“Mr. Dawes,” she cried out much louder than she needed to.
He startled and searched for her. “Fanny! What the devil are you doing here?”
“Looking for you.” Fanny rushed to him. “What are you doing sitting there like that on the old tree stump? You had me so worried.”
She sounded to her own ears like a mother scolding a child, and Fanny was definitely not that to Jeremy Dawes. She made an effort to calm herself.
“I didn’t mean to worry you,” he swore. He glanced around the wood and sighed. “I was just sitting here thinking that I’ve never been anywhere that I could be so entirely alone in my whole life.”
She blinked. “I beg your pardon.”
He stood up on the stump. “When I was a child, there were other orphans like me where I lived. We shared a straw corner, a cup for water, food. Punishments too. We were all walking along in a line today, as I had to do as a child sometimes at the orphanage, and I just stopped dead in my tracks. I didn’t even care that I’d be left behind. I was happy to be alone. When I was young, that would have terrified me.”
“Well, I would care if you’d been lost.”
He smiled gently. Dismissively. “It’s kind of you to say so.”
She drew closer and thrust out her hand. “Come home with me now.”
He looked around again. “I think I should like to live somewhere like this.”
“In the woods?”
He nodded slowly. “I like the peace and the quiet very much. I never thought I would care for it. The country. It’s so different from anything I’ve ever known.”
Fanny stretched her hand out a little more. “I think you will not care for it when your belly is empty and your fire will not catch alight because the wood was so damp. And what of your ambition to become a leading actor on London’s greatest stage? There’s no audience to flatter your performance here. Come down from there now and attend me.”
He jumped down from the tree stump. “Every career has its challenges. But wouldn’t this make the most wonderful stage to perform upon? Can you picture it?
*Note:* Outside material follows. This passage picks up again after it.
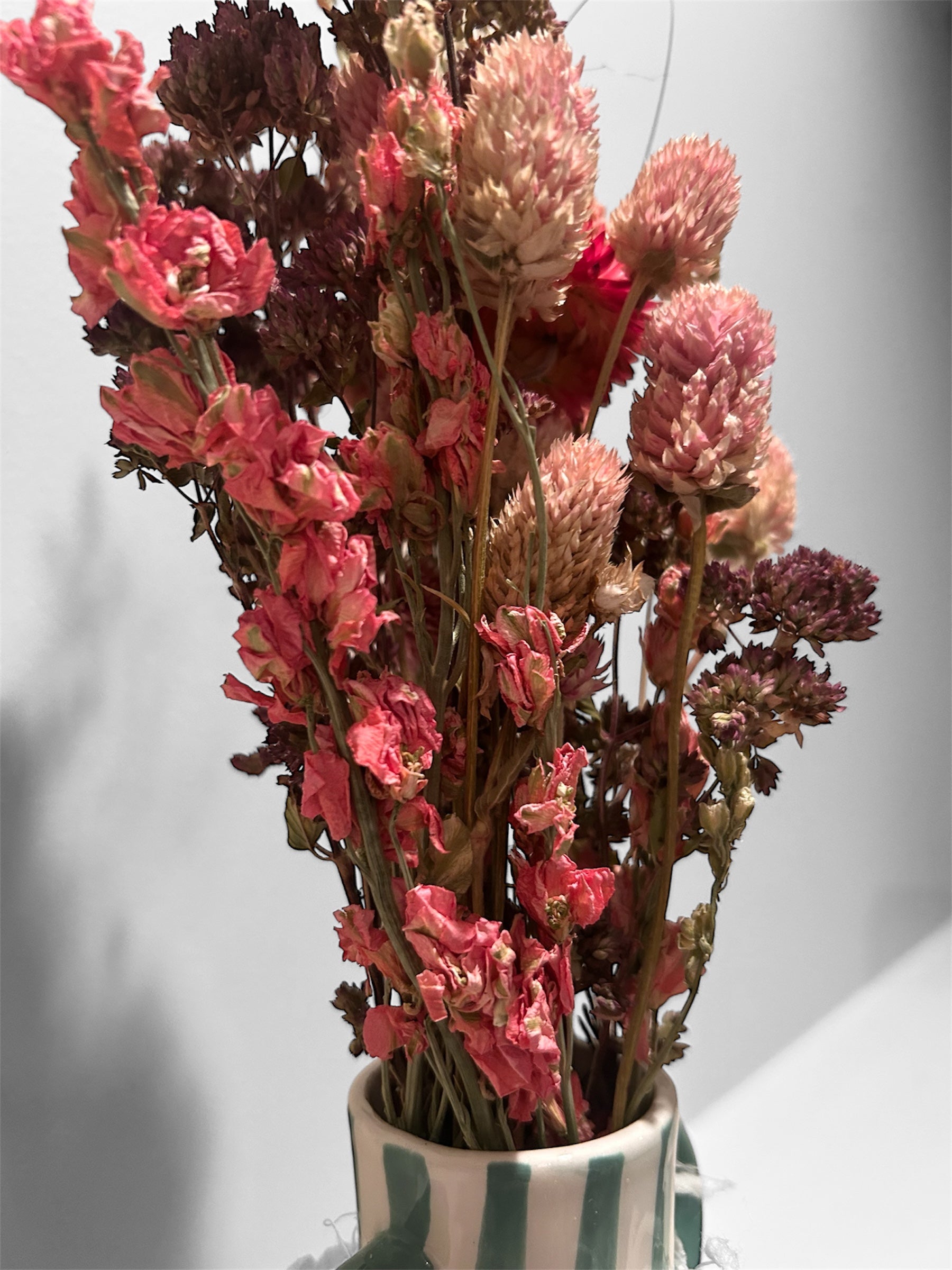 Green striped vase with dried floral arrangement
An elevated stage set among the trees over there and bench seats dotted between the old oaks over here. Footmen with trays handing out champagne and canapes to the audience.”
“Father would never allow so many to trample through his woods.” Fanny caught his hand and tugged hard. “You and I have something important to talk about, sir. About Lord Wilks.”
His gaze fell upon her face, and a frown replaced his contented expression. “What was in that contract that everyone but me feels is scandalous?”
“I…” Fanny faltered, her cheeks heating.
He raised one brow. “Tell me?”
She shrugged. “I like to be prepared for all eventualities.”
“And by all eventualities, you mean…”
Fanny wanted the earth to open up and swallow her whole. She was certain he’d read that part of the contract, but apparently in his enthusiasm to accommodate her request to be his patron, he had not read it properly. “I considered that there might be a possibility that our continued association might lead to sharing a bed. I wrote conditions and compensations into the contract.”
He stared at her with a frown, no doubt puzzling through what she’d said. “We have shared a bed. I’ve slept with you twice now.”
“Slept. The contract goes into greater detail.” She gulped. “If we became intimate for any length of time, I imposed a limit to that relationship. I was certain you had read that passage,” she whispered when it seemed clear he really hadn’t understood at all.
“No. I did not.” He folded his arms over his chest. “So, you actually imagined that the natural course of your patronage was that I would make love to you.”
“I did consider that it could happen if we found we liked each other enough.”
“Huh,” he said. He raked his hand over his short hair, frown set in place even more firmly now. “Well. That does explain most of what Wilks said to me.”
“My brother Samuel knows, too.”
“So Thwaite stole it, Wilks tried to take advantage and bribe me with it, and your younger brother has read it too, but the duke hasn’t ordered my murder yet.” His eyes widened and he shook his head. “At least no one can prove we’ve been intimate.”
“My sister suspects I haven’t been alone in my room the last few nights. But it doesn’t matter. She won’t say a word. Thwaite has read the contract and could use it against me. I’m not sure what Wilks wants.”